Hands-on_Ex04c Visualising Uncertainty

Author

Sun Yiping

Published

February 1, 2024

Modified

February 2, 2024

1. Learning Outcome

In this chapter, we will gain hands-on experience on creating statistical graphics for visualising uncertainty of a point statistic or a prediction from a statistical model. By the end of this chapter we will be able:

to plot statistics error bars by using ggplot2,
to plot interactive error bars by combining ggplot2, plotly and DT,
to create advanced visualizations by using ggdist, and
to create hypothetical outcome plots (HOPs) by using ungeviz package.

2. Getting Started

2.1 Installing and loading the packages

For the purpose of this exercise, the following R packages will be used, they are:

tidyverse: a family of R packages for data science process,
plotly: for creating interactive plot,
gganimate: for creating animation plot,
DT: for displaying interactive html table,
crosstalk: for for implementing cross-widget interactions (currently, linked brushing and filtering), and
ggdist: for visualising distribution and uncertainty.

In order to use gganimate package, we need to obtain the installer from a github repository using devtools.

devtools::install_github("wilkelab/ungeviz")

pacman::p_load(ungeviz, plotly, crosstalk, DT, ggdist, ggridges, colorspace, gganimate, tidyverse)

2.2 Data import

The dataset used in this exercise is Exam_data.csv.

exam <- read_csv("../../Data/Exam_data.csv")
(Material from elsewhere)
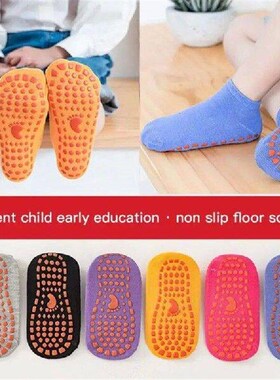 1Pair Women Yoga Socks Anti-slip Non Skid Ankle Socks With
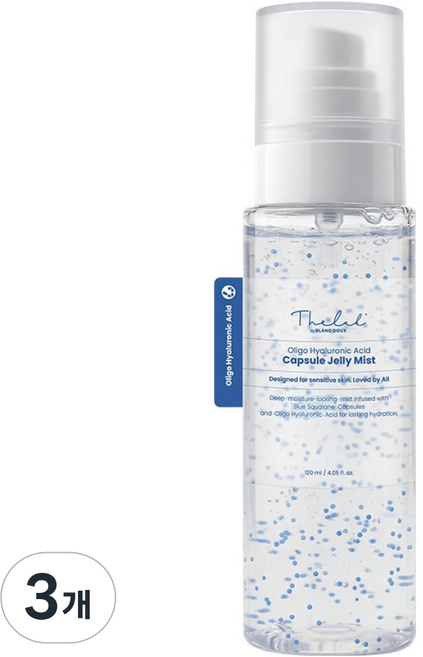 더랩바이블랑두 올리고 히알루론산 캡슐 젤리 미스트, 3개, 120ml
3. Visualizing the uncertainty of point estimates: ggplot2 methods

A point estimate is a single number, such as a mean. Uncertainty, on the other hand, is expressed as standard error, confidence interval, or credible interval.

In this section, you will learn how to plot error bars of maths scores by race using data provided in exam tibble data frame.

Firstly, code chunk below will be used to derive the necessary summary statistics.

my_sum <- exam %>%
  group_by(RACE) %>%
  summarise(
    n = n(),
    mean = mean(MATHS),
    sd = sd(MATHS)
    ) %>%
  mutate(se = sd / sqrt(n - 1))

Next, the code chunk below will be used to display my_sum tibble data frame in an html table format.

The code
The table

knitr::kable(head(my_sum), format = 'html')

RACE	n	mean	sd	se
Chinese	193	76.50777	15.69040	1.132357
Indian	12	60.66667	23.35237	7.041005
Malay	108	57.44444	21.13478	2.043177
Others	9	69.66667	10.72381	3.791438

3.1 Plotting standard error bars of point estimates

Now we are ready to plot the standard error bars of mean maths score by race as shown below.

The plot
The code

ggplot(my_sum) +
  geom_errorbar(
    aes(x=RACE, 
        ymin=mean-se, 
        ymax=mean+se), 
    width=0.2, 
    colour="black", 
    alpha=0.9, 
    size=0.5) +
  geom_point(aes
           (x=RACE, 
            y=mean), 
           stat="identity", 
           color="red",
           size = 1.5,
           alpha=1) +
  ggtitle("Standard error of mean maths score by rac")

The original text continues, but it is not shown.